Any type of healing can be extremely painful. I’ve experienced the uncomfortableness of physical healing when a cyst was removed from my lower back and the only way to heal properly was to leave a hole in my back and have a nurse dress the wound (that is to clean and apply salt and water to the wound) daily for 3 months or until my the wound no longer remained a wound. The healing process made me sick to my stomach. Let me tell you. Having someone clean a fresh wound daily is no joke. Then to add salt and water to the wound didn’t make it any easier. It felt as if they were scratching my flesh and burning it. Even typing this up is making me sick. The healing was uncomfortable and painful. Had a nurse not cleaned and dressed my wound daily, the wound would have become infected and that infection could have bled into other areas surrounding it.

You see, healing is not simply a means to make something as if it never happened. I have a scar on my lower back that reminds me of two things:

  1. A cyst that crippled my lifestyle for almost a year.
  2. Healing and God’s faithfulness.

The latter of the two is most important. Just because my body has healed, it doesn’t mean I’ve forgotten that experience or the pain that went with it. Healing does however, allow us to live freely and in strength. No longer do we walk hunched over in pain, but we can walk confidently and boldly. We are not prone to re-injury when healed, rather when a similar pain comes around, we have the right tools to help us address the hurt, “dress” the hurt and gain healing.
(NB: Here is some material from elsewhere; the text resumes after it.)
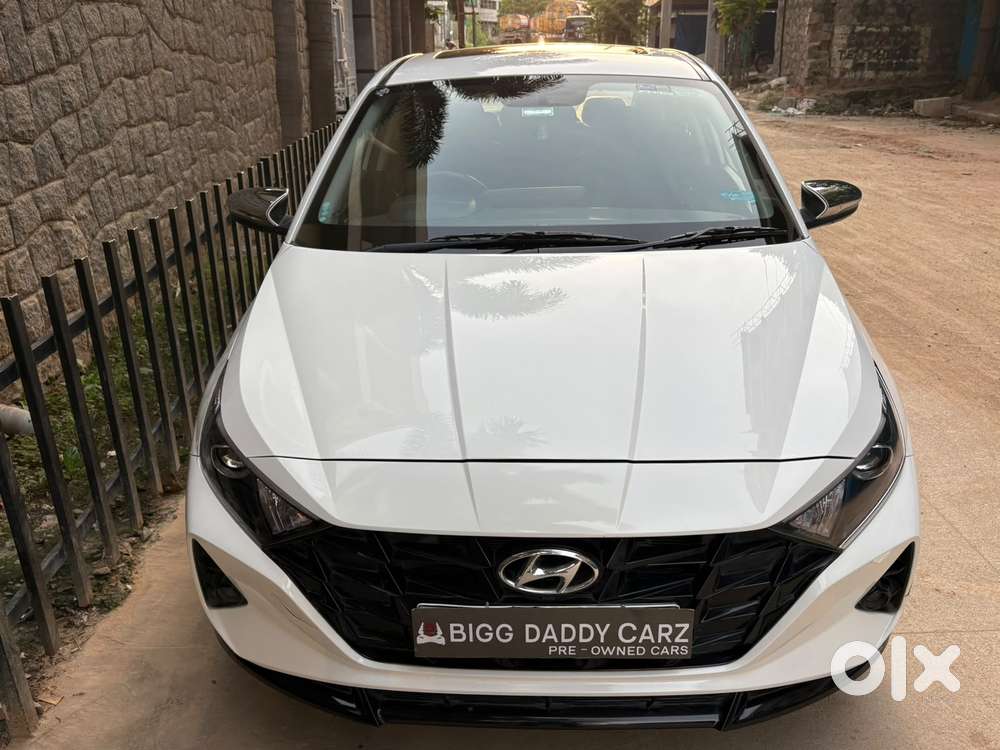Hyundai I20 Asta (o) 1.2 Ivt, 2022, Petrol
If you find yourself bleeding your hurt on someone that didn’t hurt you, it’s time to apply pressure to the wound for the bleeding to stop and then dress the wound with salt and water. While I wish we can do this with emotional hurt, what we can do is apply pressure to the wound by unpacking the hurt you’ve been carrying around. Like a cup filled with infirmity, we need to empty out every feeling you’ve ever held towards whatever it is that hurt you. Lay it all out in the open. Cry and scream at the top of your lungs if need be. Once you’ve gotten rid of all the infection, you can then start dressing the wound with salt and water of God’s word. Whether you believe Jesus is real or not, try it for yourself. Find scripture verses about hurt and pain and read those daily. Alongside that, you may need to ask someone for forgiveness, ask yourself for forgiveness and clean areas in your life that you’ve allowed yourself to bleed on. Like physical healing, this doesn’t just happen in one day. This requires daily practice. It may take quite some time to fully heal, but once you’ve healed, then that’s when you can live out your healing.
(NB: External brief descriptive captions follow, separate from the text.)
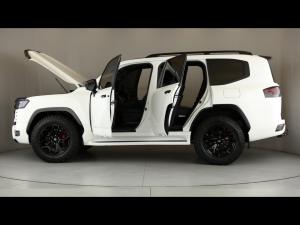 Toyota Land Cruiser 300 3.5T ZX - Image 26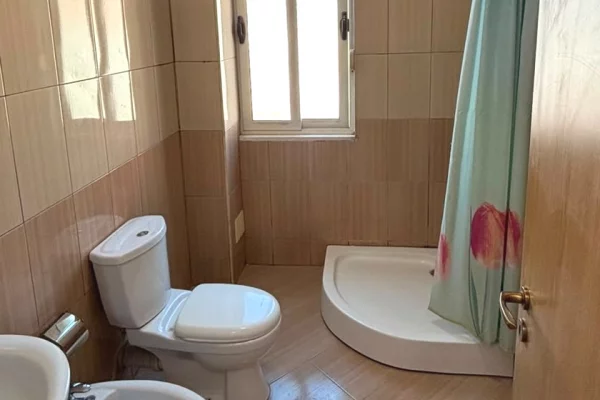 Shtepi ne shitje Apartament ne Tirane, 2+1, Mobilimi Bosh, pa mobiluar, Pagesa 12,900,000  Leke.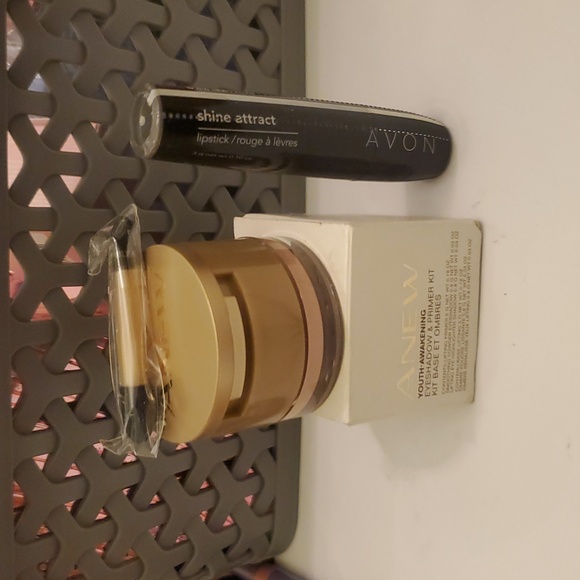AVON ANEW YOUTH-AWAKENING EYESHDOW & PRIMR KIT CINAMON SHIMMER & ORCHID LIPSTICK - Picture 1 of 4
Many of us are walking around bleeding our pain on others. We fail to address the wounds we have and have been living for years a crippled life. Our attitude is crippled, our language is crippled and the way we look at life has been crippled. Failure to heal opens the doors for re-injury and immobility of areas in our lives we’ve neglected. I want to challenge you to seek healing. It may be something from childhood, or it may be something more recent. It may be something you did to yourself that you’re ashamed of and never addressed or walked through. Don’t keep living in pain from unaddressed hurt. You may not realize it, but you are bleeding your hurt on people around you that never did the hurt. I challenge you today to address the wound, dress the wound and walk in freedom. It’s up to you!

Are you bleeding your hurt on people who never did the hurt? If so, how can you make steps towards healing today?